# Material for the task
----
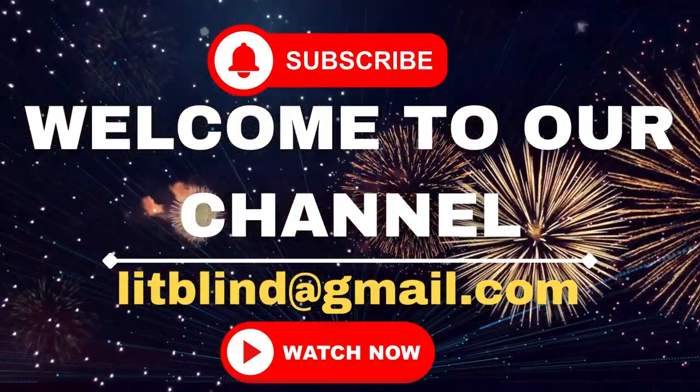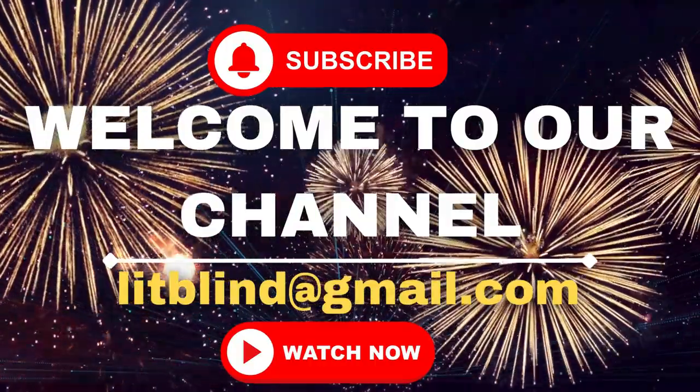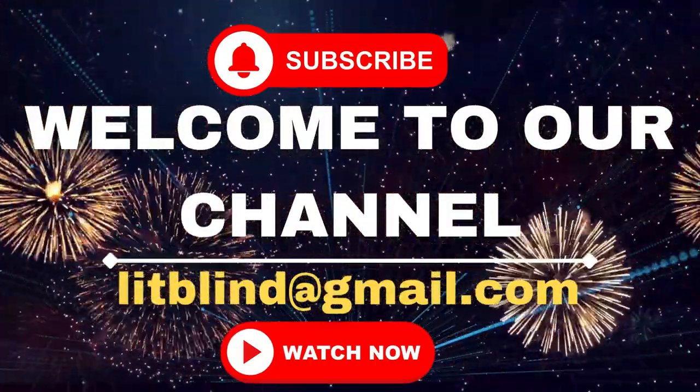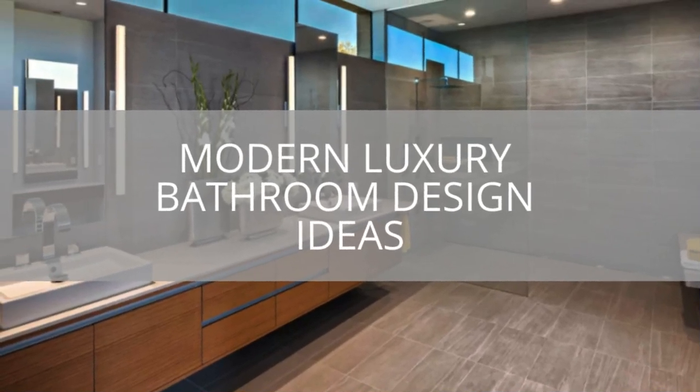Welcome to our YouTube channel for the Lit Blinds Store. Watch the video and subscribe to construct an appealing home. Make your house look good. Get online and get 50% off with free shipping.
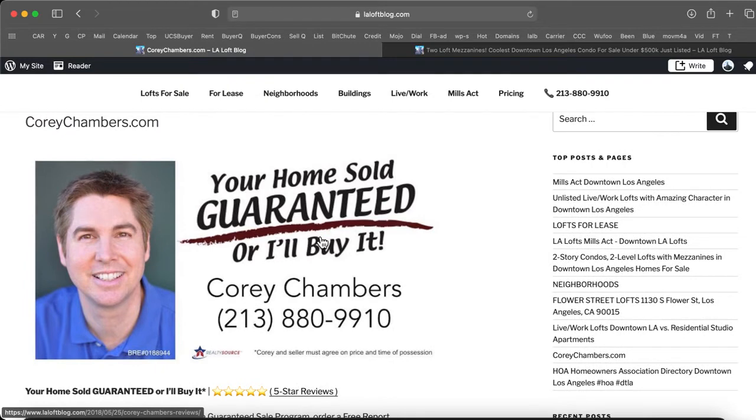Cory Chambers in Los Angeles. Your home sold, guaranteed, or I'll buy it. We'll talk to you again real soon.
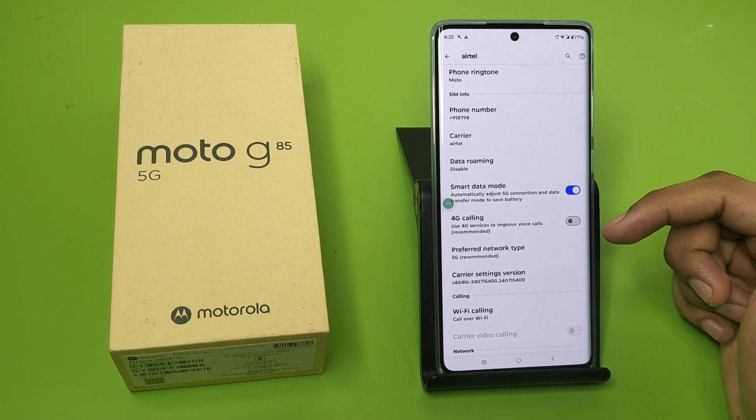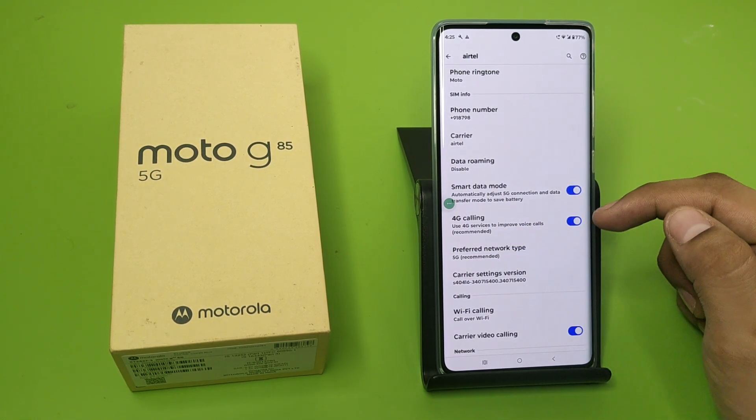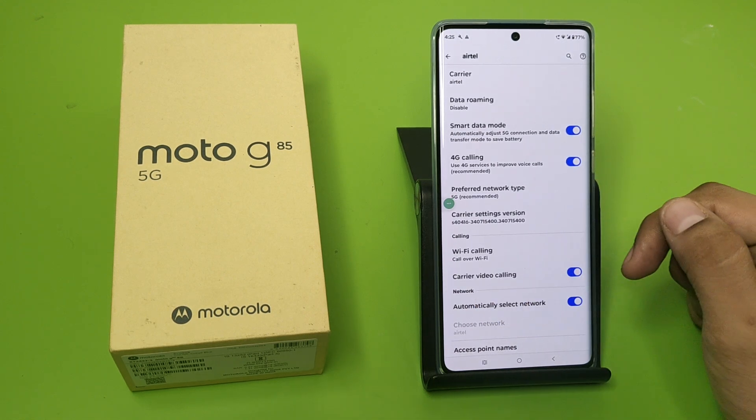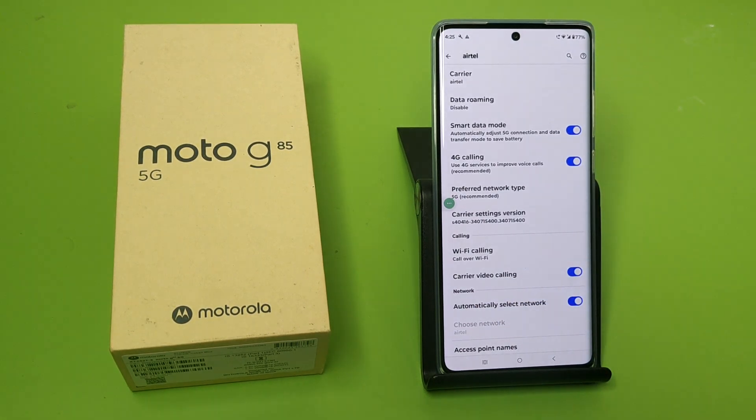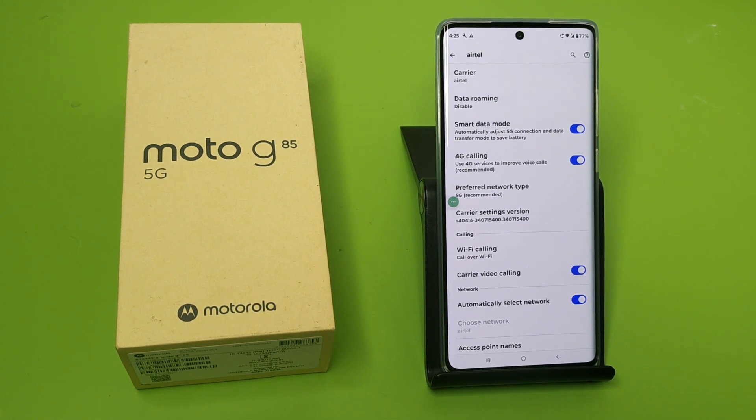Here you will find 'Use 4G services to improve voice calls (recommended)' — you have to enable that. It is also already enabled here. There is also a Carrier Video Calling option, which also improves your video calling experience.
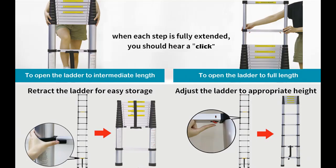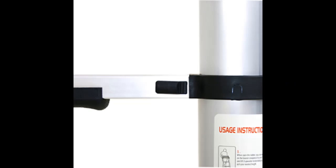Foldable Telescopic Ladder: This aluminum telescoping ladder is very portable, easy to use, store, and carry. The folding telescoping ladder can be easily put into the trunk of a car, behind a door, or in a warehouse. It is light and portable, suitable for all kinds of home and business use.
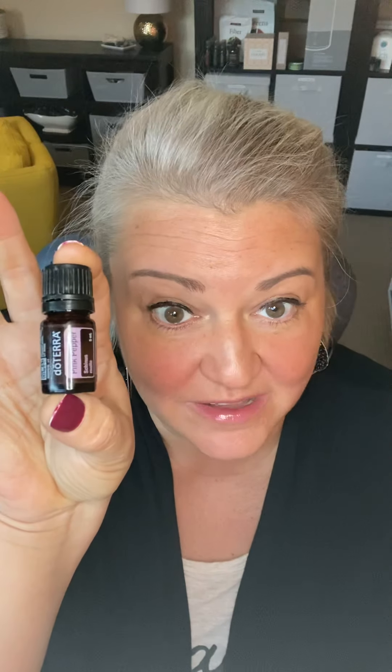Hi there, Tammy Hicks here. Today we're going to talk about pink pepper in our oil spotlight — today is the pink pepper spotlight.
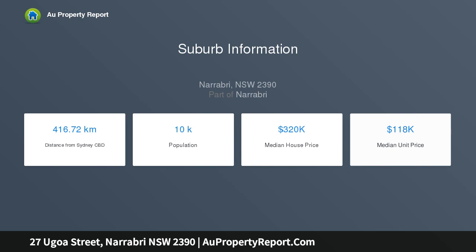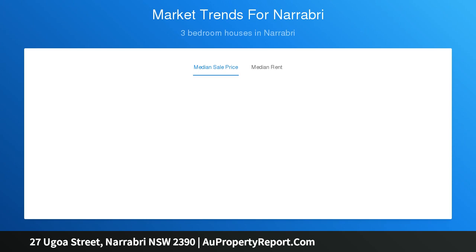Hallway with carpet, hall bedrooms with carpet, tiled bathroom consisting of bath, shower, vanity and toilet, separate tiled laundry.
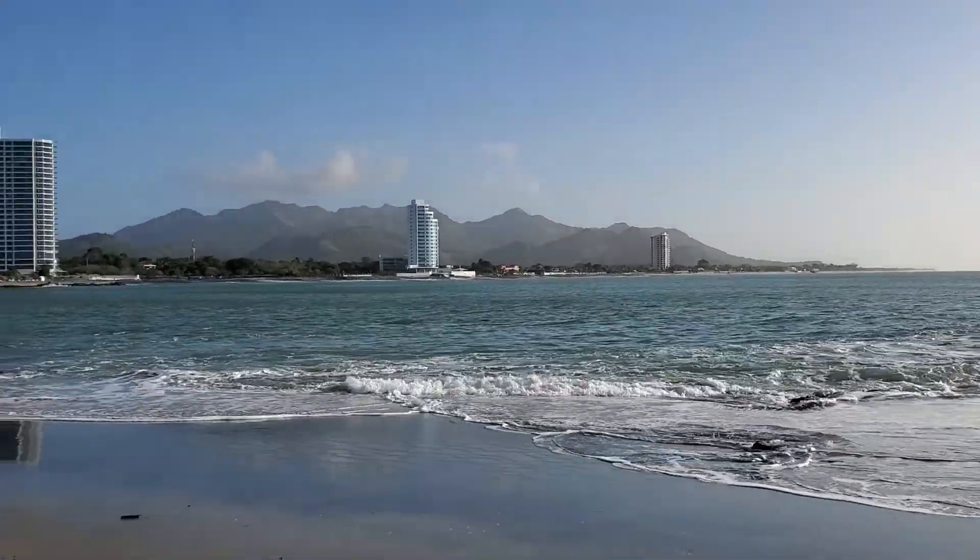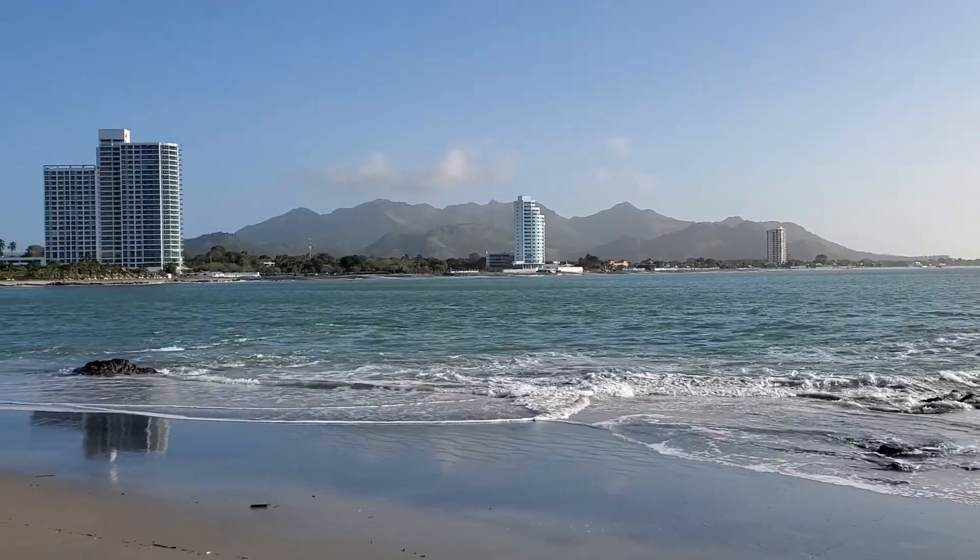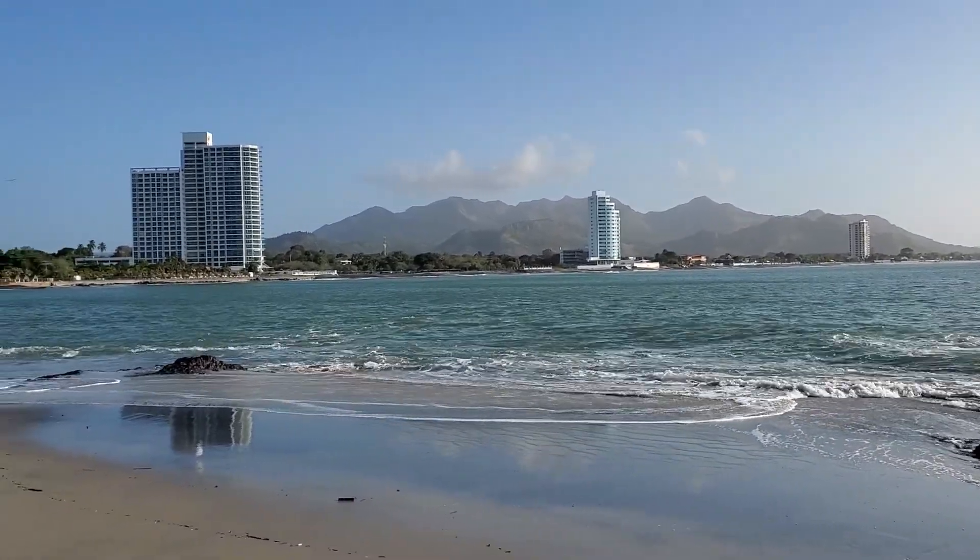Video of the beachfront in Oregona, in the neighboring town. Pretty sure that's the Chame Mountain.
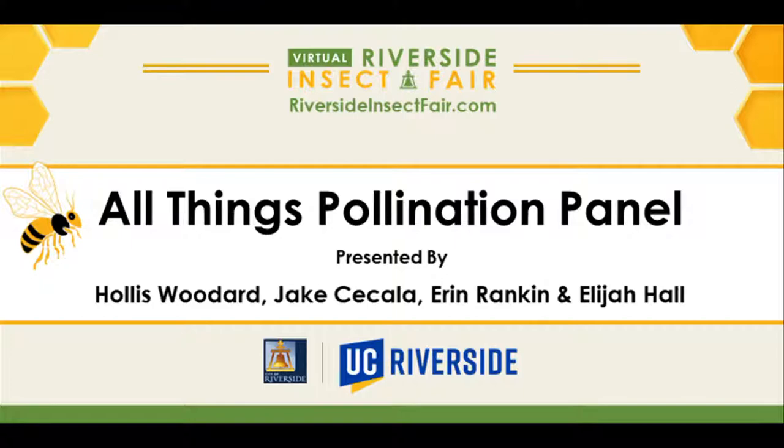Welcome, everyone, to the virtual Riverside Insect Fair. Thank you all for joining us today. Today we have the All Things Pollination panel, with Dr. Hollis Woodard, Jake Sakala, Dr. Aaron Rankin, and Elijah Hall. We'll be covering a variety of topics in terms of pollination, so please go ahead and take it away.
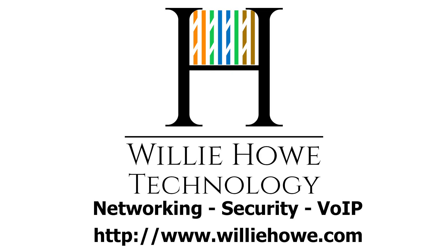Once again, I'm Willie. I want to thank you for being here. And as always, I'll see you in the next video. Thank you.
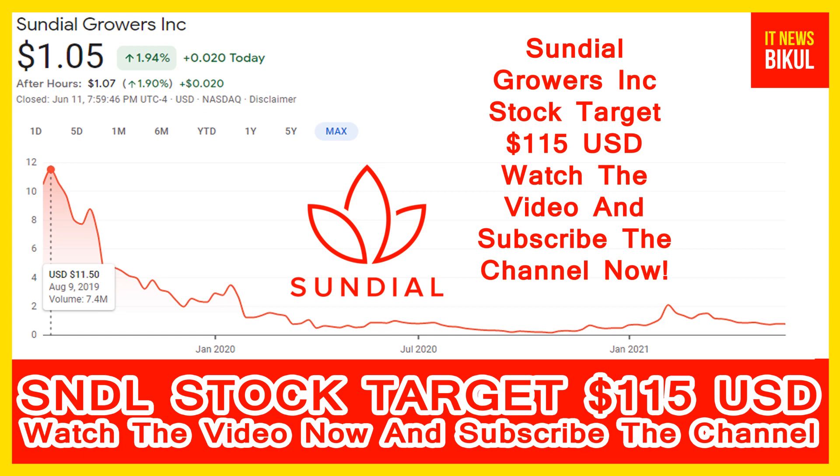Sundial Growers Incorporation is related to the healthcare sector and is working in the biotechnology and cannabis industry. The number of employees working in this company is above 300. The company headquarters is located in Calgary, Canada.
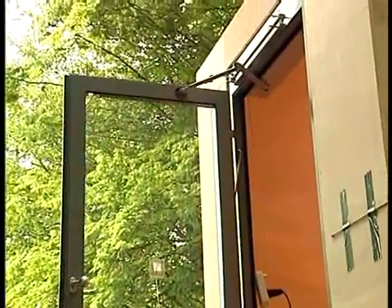Now I am in the center of the wind flow. We measure a wind speed of 10 meters per second, and as you can see, the door still opens and closes reliably.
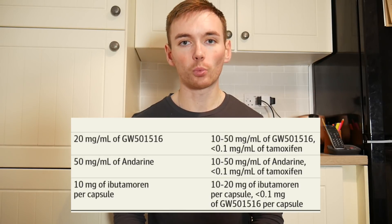Three products contained substances as per the label in the doses listed on the label; however, they also contained substances which weren't listed on the label. These included Tamoxifen and GW501516.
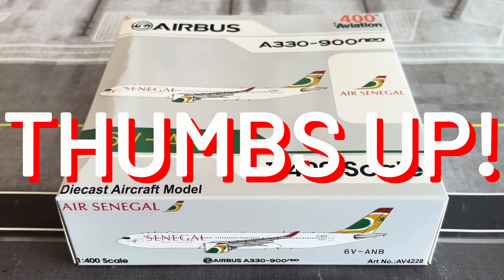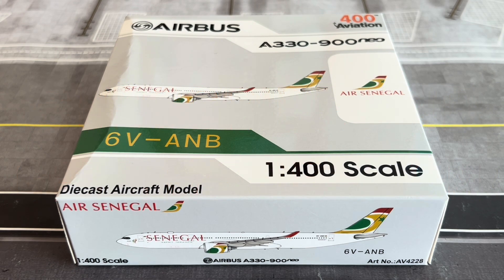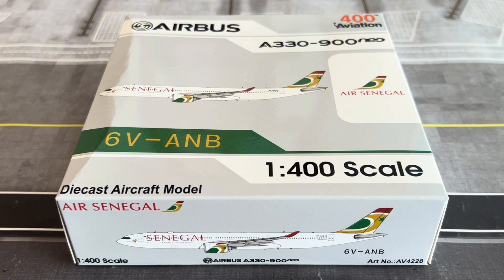Before we go further, go ahead and leave a thumbs up below — a great indication of how much you enjoy today's content. Coming up very soon on the channel are more model reviews, including the Qatar Airways Airbus A380 by JC Wings, the Air Japan 787-8 by JC Wings, some Infinite Flight content, and unboxings.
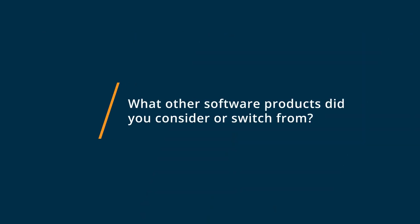Before we were using Sumo Logic, we were using GCP Stackdriver. It wasn't working because we weren't able to combine our other third-party source logs into Stackdriver. We also weren't able to get security threats from Stackdriver.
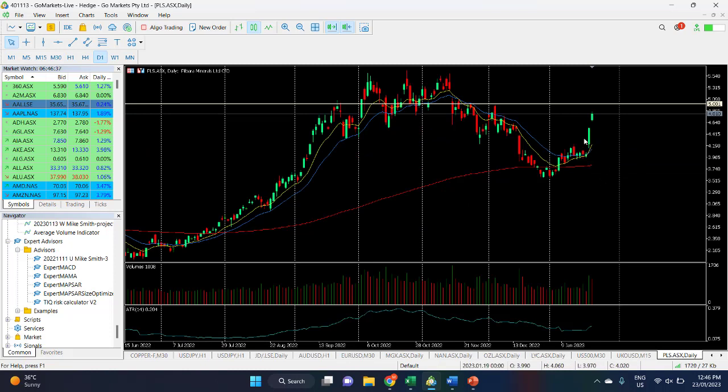On the ASX, we continue to see buying in lithium following Friday's strong performance, with follow-through today. PLS is at 481 and it looks like five dollars is on the cards. A breach of that and we could see it up to 5.50, which would be another 10 percent.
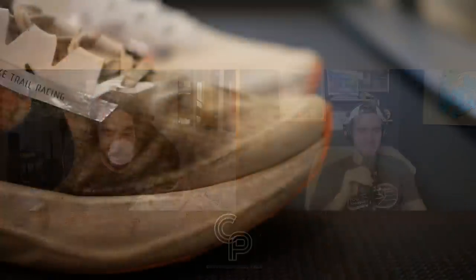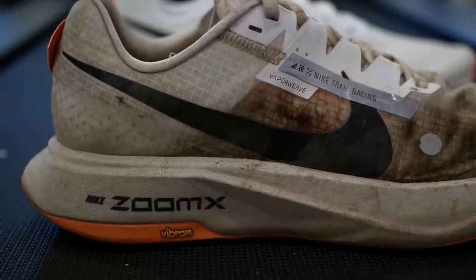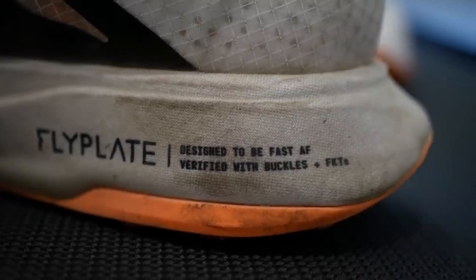I was surprised by the weight — 10.5 ounces felt heavier than expected given how light ZoomX foam is. The Tecton X and Endorphin Edge are both an ounce lighter. ZoomX foam is lighter than Hoka's foam and probably lighter than Saucony's super foam, so I wonder if they're using a denser version here, or if the fabric wrapping the midsole adds weight. The upper is the same Vaporweave material from the first-generation Vapor Fly Next%, which weighed only seven ounces, so the weight is definitely coming from elsewhere.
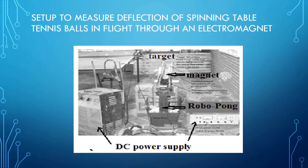I used a RoboPong to shoot spinning table tennis balls through three electromagnets that were arranged in line and arranged to curve as needed. Together they were approximately 137 centimeters long. Because there were three magnets, I used two DC power supplies. The 64 amps supplied by the battery charger was divided equally between two of the magnets, and the HP DC power unit delivered 20 amps to the remaining magnet. A schematic illustration of the arrangement is shown in the next slide.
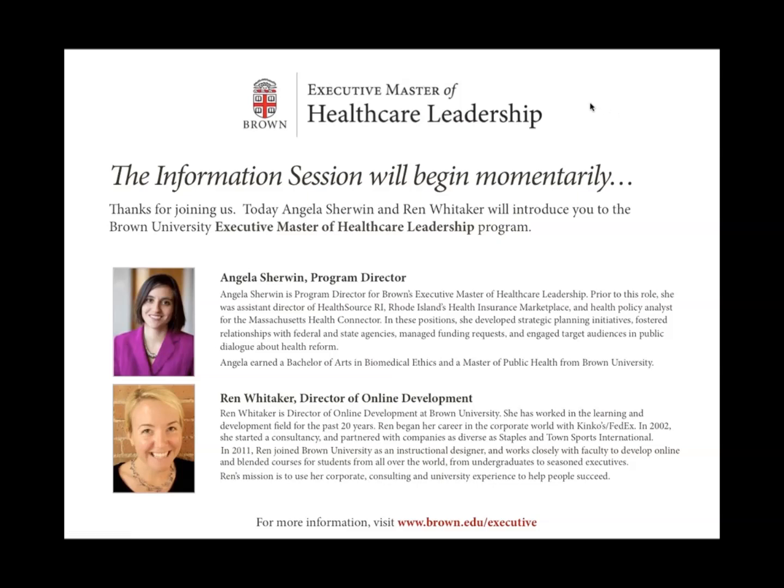Hi everyone. Welcome to today's virtual information session about Brown University's Executive Master of Healthcare Leadership. My name is Angela Sherwin and I'm the Program Director for this program. And I'm Wren Whitaker and I'm the Director of Online Development.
----
Please reproduce the whole listing exactly; the pictures stay out.

Welcome to our YouTube channel for the Lit Blinds Store. Watch the video and subscribe to construct an appealing home. Make your house look good. Get online and get 50% off with free shipping.
Cory Chambers in Los Angeles. Your home sold, guaranteed, or I'll buy it. We'll talk to you again real soon.
Here you will find 'Use 4G services to improve voice calls (recommended)' — you have to enable that. It is also already enabled here. There is also a Carrier Video Calling option, which also improves your video calling experience.
Foldable Telescopic Ladder: This aluminum telescoping ladder is very portable, easy to use, store, and carry. The folding telescoping ladder can be easily put into the trunk of a car, behind a door, or in a warehouse. It is light and portable, suitable for all kinds of home and business use.
Hi there, Tammy Hicks here. Today we're going to talk about pink pepper in our oil spotlight — today is the pink pepper spotlight.
Hallway with carpet, hall bedrooms with carpet, tiled bathroom consisting of bath, shower, vanity and toilet, separate tiled laundry.
Video of the beachfront in Oregona, in the neighboring town. Pretty sure that's the Chame Mountain.
Welcome, everyone, to the virtual Riverside Insect Fair. Thank you all for joining us today. Today we have the All Things Pollination panel, with Dr. Hollis Woodard, Jake Sakala, Dr. Aaron Rankin, and Elijah Hall. We'll be covering a variety of topics in terms of pollination, so please go ahead and take it away.
Once again, I'm Willie. I want to thank you for being here. And as always, I'll see you in the next video. Thank you.
Sundial Growers Incorporation is related to the healthcare sector and is working in the biotechnology and cannabis industry. The number of employees working in this company is above 300. The company headquarters is located in Calgary, Canada.
Now I am in the center of the wind flow. We measure a wind speed of 10 meters per second, and as you can see, the door still opens and closes reliably.
Three products contained substances as per the label in the doses listed on the label; however, they also contained substances which weren't listed on the label. These included Tamoxifen and GW501516.
Before we go further, go ahead and leave a thumbs up below — a great indication of how much you enjoy today's content. Coming up very soon on the channel are more model reviews, including the Qatar Airways Airbus A380 by JC Wings, the Air Japan 787-8 by JC Wings, some Infinite Flight content, and unboxings.
Before we were using Sumo Logic, we were using GCP Stackdriver. It wasn't working because we weren't able to combine our other third-party source logs into Stackdriver. We also weren't able to get security threats from Stackdriver.
On the ASX, we continue to see buying in lithium following Friday's strong performance, with follow-through today. PLS is at 481 and it looks like five dollars is on the cards. A breach of that and we could see it up to 5.50, which would be another 10 percent.
I was surprised by the weight — 10.5 ounces felt heavier than expected given how light ZoomX foam is. The Tecton X and Endorphin Edge are both an ounce lighter. ZoomX foam is lighter than Hoka's foam and probably lighter than Saucony's super foam, so I wonder if they're using a denser version here, or if the fabric wrapping the midsole adds weight. The upper is the same Vaporweave material from the first-generation Vapor Fly Next%, which weighed only seven ounces, so the weight is definitely coming from elsewhere.
I used a RoboPong to shoot spinning table tennis balls through three electromagnets that were arranged in line and arranged to curve as needed. Together they were approximately 137 centimeters long. Because there were three magnets, I used two DC power supplies. The 64 amps supplied by the battery charger was divided equally between two of the magnets, and the HP DC power unit delivered 20 amps to the remaining magnet. A schematic illustration of the arrangement is shown in the next slide.
Hi everyone. Welcome to today's virtual information session about Brown University's Executive Master of Healthcare Leadership. My name is Angela Sherwin and I'm the Program Director for this program. And I'm Wren Whitaker and I'm the Director of Online Development.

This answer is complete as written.